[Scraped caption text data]

════════════════════

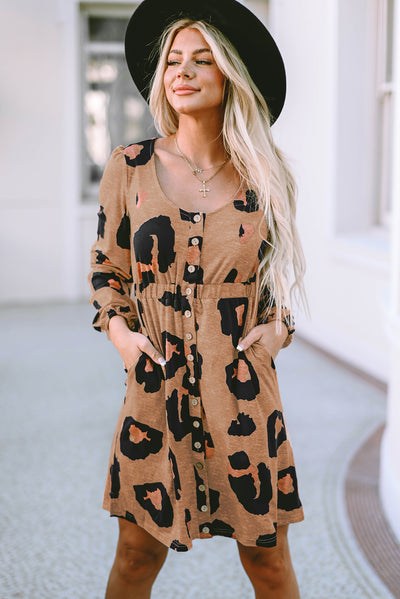 Leopard Print Button Front Bubble Sleeve Loose Knit Dress-Dresses-MomFashion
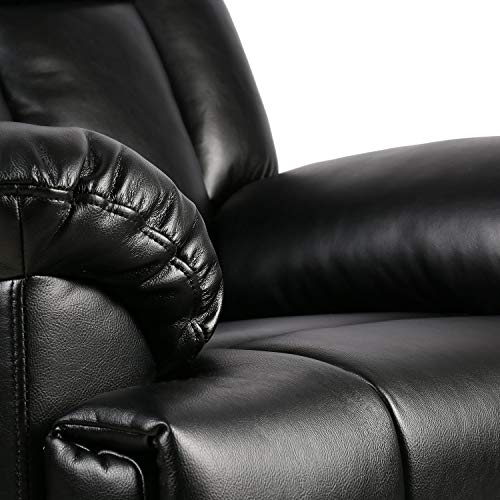 Power Lift Recliner Sofa Chair with Massage and Heating, Luxurious Breathable Leather Air Lounge Living Room Chair, Black - Thumbnail 2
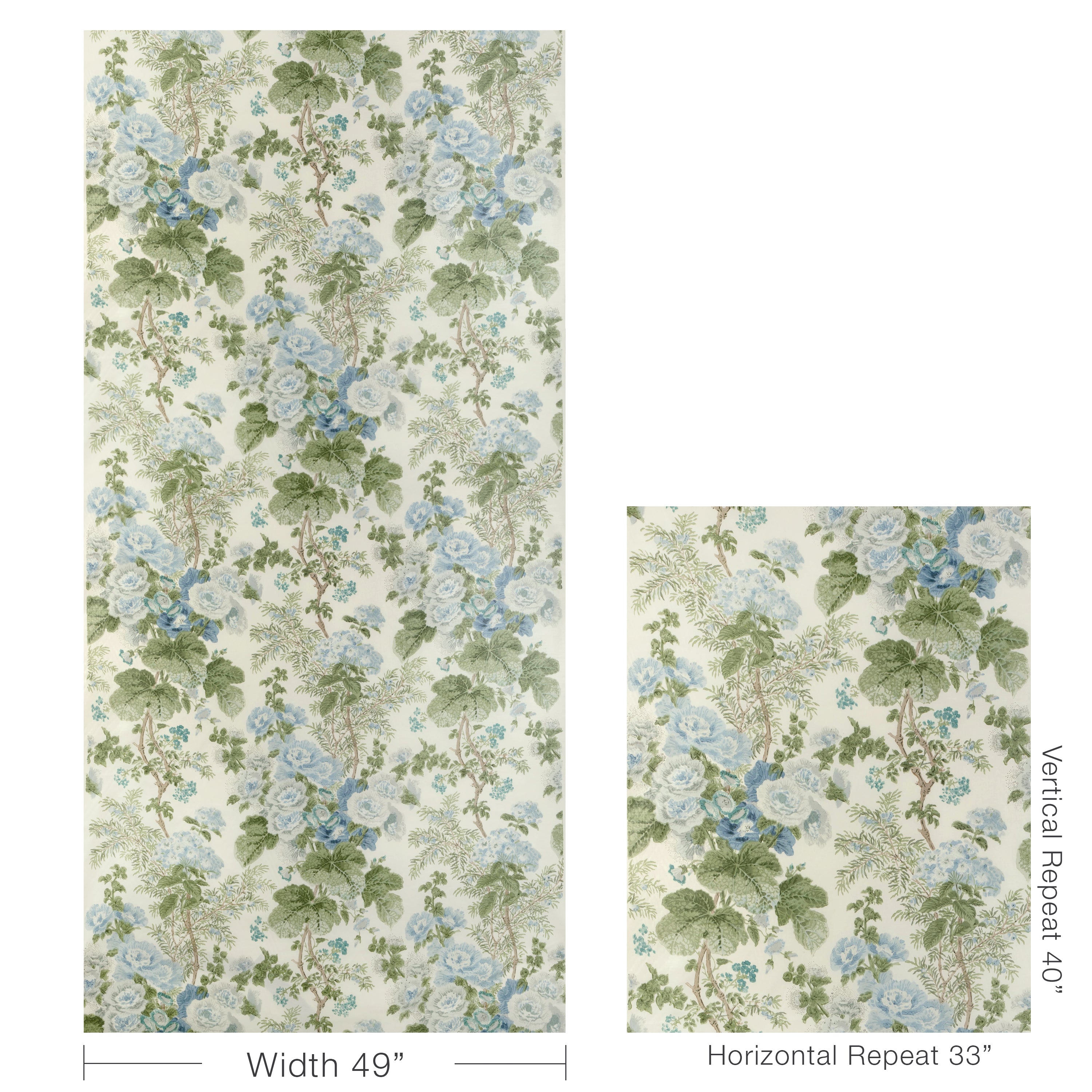 Hollyhock Hdb - Blue/Leaf - Lee Jofa Fabric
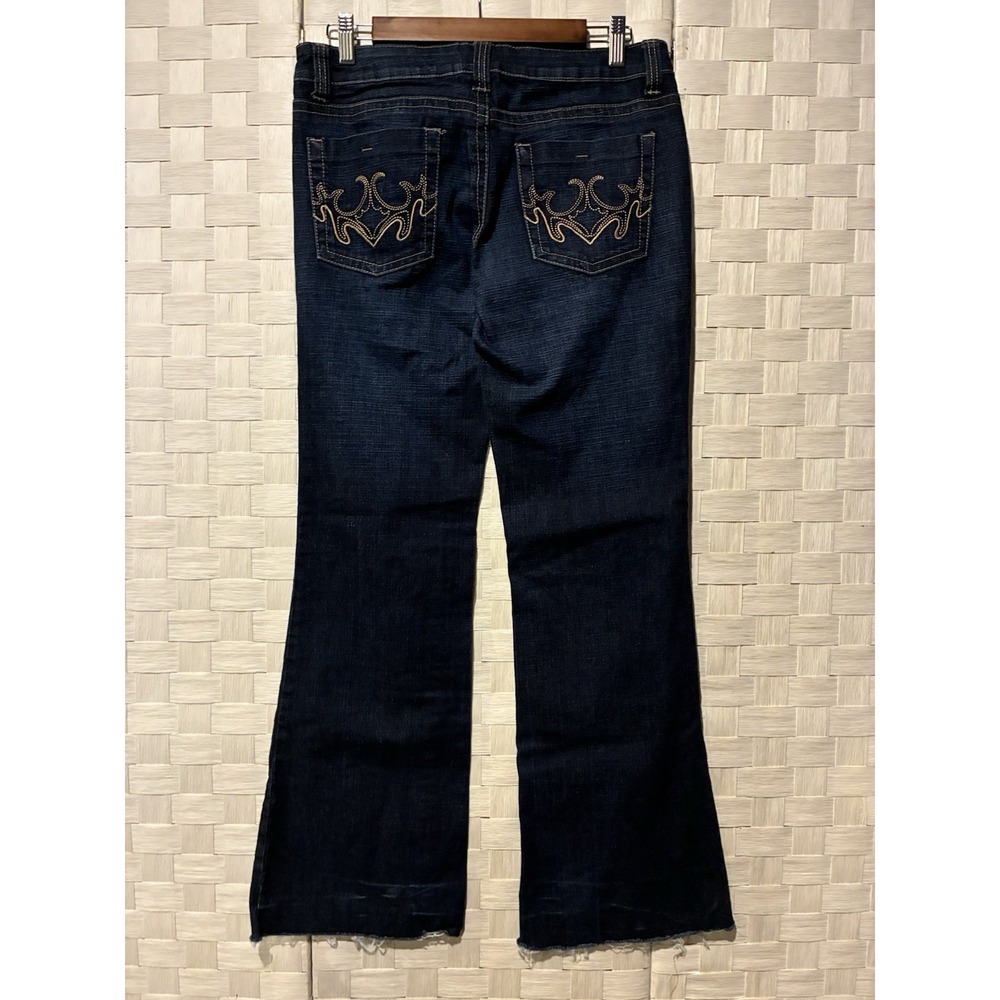 Space Girls Dark Blue Bootcut Jeans Denim Size W30 x L30 Embroidered Pockets Y2K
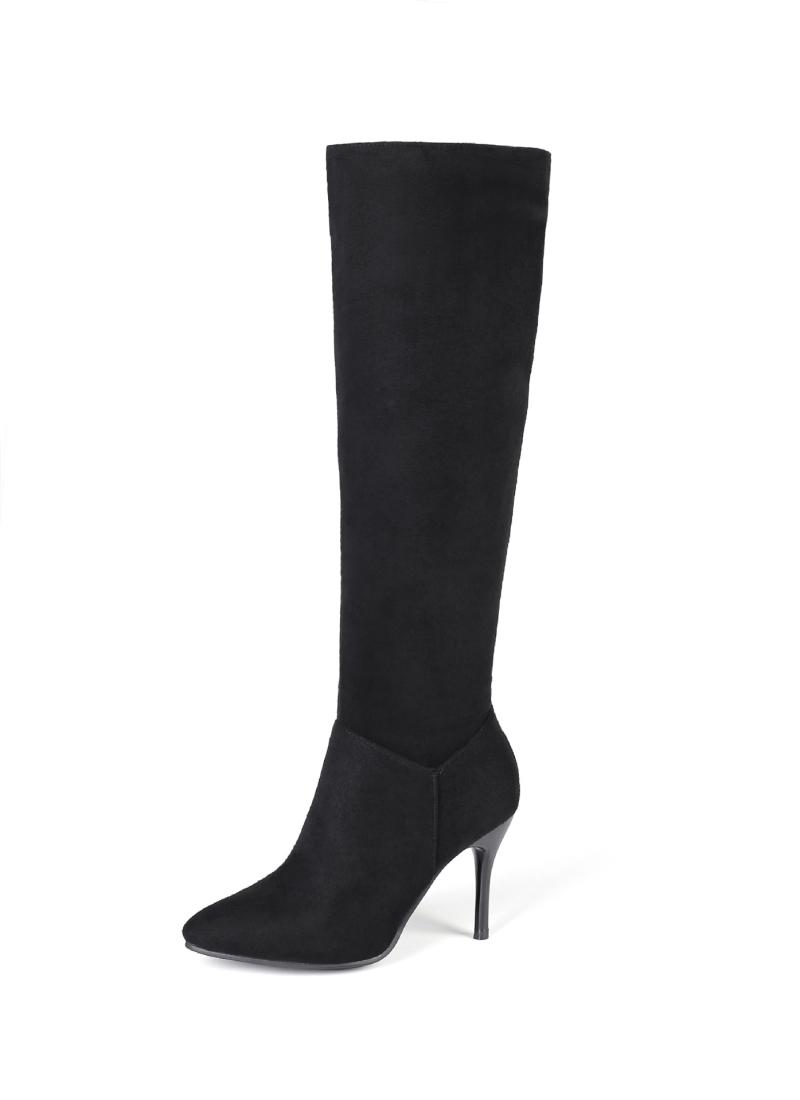 New Stevie Knee-High Pull-On Boots In Suede  |  Womens Made In Spain Shoes Black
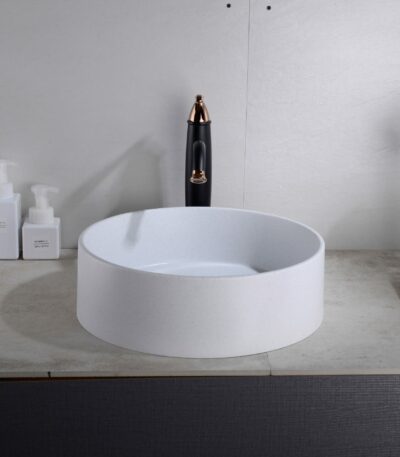 Above Counter Quartz Basin - Matt White - Round - 410mm | QZ4141-MW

════════════════════

*How to complete this task*
Each entry should be output word for word, with no pictures carried over.

*Answer box*
 Leopard Print Button Front Bubble Sleeve Loose Knit Dress-Dresses-MomFashion
 Power Lift Recliner Sofa Chair with Massage and Heating, Luxurious Breathable Leather Air Lounge Living Room Chair, Black - Thumbnail 2
 Hollyhock Hdb - Blue/Leaf - Lee Jofa Fabric
 Space Girls Dark Blue Bootcut Jeans Denim Size W30 x L30 Embroidered Pockets Y2K
 New Stevie Knee-High Pull-On Boots In Suede  |  Womens Made In Spain Shoes Black
 Above Counter Quartz Basin - Matt White - Round - 410mm | QZ4141-MW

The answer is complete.